Carrows
- Type: Restaurants
- Industry: Restaurants, Casual Dining
- Founded: 1970; 56 years ago as Carrows Hickory Chip Restaurant
- Founder: David G. Nancarrow
- Defunct: June 28, 2023; 3 years ago
- Parent: Shari's Management Corporation

= Carrows =

US restaurant chain

Carrows was a subsidiary of Shari's Cafe & Pies and casual dining restaurant that served breakfast and lunch/dinner in California, United States.

==History==
Carrows was started by David G. Nancarrow in Santa Clara, California, in 1970 as the Carrows Hickory Chip Restaurant. In late 1993, its parent company filed for Chapter 11 bankruptcy. Carrows and its sister chain Coco's Bakery Restaurants were purchased by Advantica Restaurant Group in 1996, which would file for bankruptcy the following year. In 2002 they were acquired by Catalina Restaurant Group, Inc.

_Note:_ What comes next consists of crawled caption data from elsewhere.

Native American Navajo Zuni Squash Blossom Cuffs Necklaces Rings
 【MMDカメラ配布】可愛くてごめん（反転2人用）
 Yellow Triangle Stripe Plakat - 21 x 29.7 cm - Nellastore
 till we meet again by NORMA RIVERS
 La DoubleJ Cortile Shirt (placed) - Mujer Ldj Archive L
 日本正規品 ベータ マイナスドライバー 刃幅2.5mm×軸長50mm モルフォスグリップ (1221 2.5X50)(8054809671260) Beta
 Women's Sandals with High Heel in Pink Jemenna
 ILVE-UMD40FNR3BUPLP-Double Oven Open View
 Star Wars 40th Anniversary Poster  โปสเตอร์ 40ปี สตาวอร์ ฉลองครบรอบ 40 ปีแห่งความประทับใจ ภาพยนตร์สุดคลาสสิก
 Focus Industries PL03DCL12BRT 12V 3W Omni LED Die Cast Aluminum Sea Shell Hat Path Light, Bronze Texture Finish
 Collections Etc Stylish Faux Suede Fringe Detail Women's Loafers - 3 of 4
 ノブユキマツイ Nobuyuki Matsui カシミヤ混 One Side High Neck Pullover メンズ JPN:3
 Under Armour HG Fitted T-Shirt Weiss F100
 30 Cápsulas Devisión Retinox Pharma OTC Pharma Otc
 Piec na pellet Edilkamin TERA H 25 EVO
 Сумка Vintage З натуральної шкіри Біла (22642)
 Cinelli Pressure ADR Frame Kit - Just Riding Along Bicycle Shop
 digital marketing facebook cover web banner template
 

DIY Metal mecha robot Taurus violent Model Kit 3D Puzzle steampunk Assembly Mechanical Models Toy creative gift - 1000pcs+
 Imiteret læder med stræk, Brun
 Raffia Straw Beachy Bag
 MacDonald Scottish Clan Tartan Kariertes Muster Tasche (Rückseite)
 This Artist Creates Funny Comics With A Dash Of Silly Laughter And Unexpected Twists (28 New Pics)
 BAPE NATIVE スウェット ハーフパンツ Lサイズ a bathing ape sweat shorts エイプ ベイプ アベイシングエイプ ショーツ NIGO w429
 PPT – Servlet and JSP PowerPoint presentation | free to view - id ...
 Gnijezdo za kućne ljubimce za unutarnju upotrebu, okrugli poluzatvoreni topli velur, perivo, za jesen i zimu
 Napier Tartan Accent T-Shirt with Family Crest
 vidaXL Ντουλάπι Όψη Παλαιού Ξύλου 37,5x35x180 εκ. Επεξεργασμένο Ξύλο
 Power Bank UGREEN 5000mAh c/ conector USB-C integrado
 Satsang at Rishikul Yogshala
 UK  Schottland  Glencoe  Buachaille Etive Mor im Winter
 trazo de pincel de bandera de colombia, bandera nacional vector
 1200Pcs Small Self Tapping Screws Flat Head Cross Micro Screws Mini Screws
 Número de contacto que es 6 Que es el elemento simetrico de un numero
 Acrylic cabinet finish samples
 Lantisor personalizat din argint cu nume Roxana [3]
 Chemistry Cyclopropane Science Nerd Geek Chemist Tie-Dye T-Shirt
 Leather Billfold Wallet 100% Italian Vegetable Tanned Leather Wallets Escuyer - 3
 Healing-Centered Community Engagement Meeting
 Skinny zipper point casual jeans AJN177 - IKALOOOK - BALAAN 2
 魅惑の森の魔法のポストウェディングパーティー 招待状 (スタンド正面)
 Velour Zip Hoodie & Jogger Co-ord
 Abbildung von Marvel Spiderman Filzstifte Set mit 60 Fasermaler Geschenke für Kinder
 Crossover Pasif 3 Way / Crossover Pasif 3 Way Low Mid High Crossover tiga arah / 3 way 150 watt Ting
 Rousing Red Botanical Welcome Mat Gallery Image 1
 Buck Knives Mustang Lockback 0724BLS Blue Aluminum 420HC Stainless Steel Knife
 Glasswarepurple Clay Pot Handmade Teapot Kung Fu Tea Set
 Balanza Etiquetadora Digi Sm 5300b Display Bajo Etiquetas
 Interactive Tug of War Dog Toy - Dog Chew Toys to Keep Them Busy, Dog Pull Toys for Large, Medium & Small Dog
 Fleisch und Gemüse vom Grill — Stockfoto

In California, Carrows/Coco's Bakery competed directly with Marie Callender's and Bakers Square restaurants.

In 2006, Catalina Restaurant Group was bought by Japanese company Zensho Co., Ltd., which has operated Coco's Japan for many years.

In 2015, Food Management Partners acquired Catalina Restaurant Group Inc., (parent of Coco's and Carrows).

In September 2018, it was announced that Shari's Cafe & Pies had taken over Carrows and Coco's.

On June 28, 2023, Carrows has shuttered its restaurant in Cerritos due to the company's retirement.

In May 2026, Lena Brands, the parent company of Carrows, filed for Chapter 11 bankruptcy protection, listing assets and liabilities between $1 million and $10 million.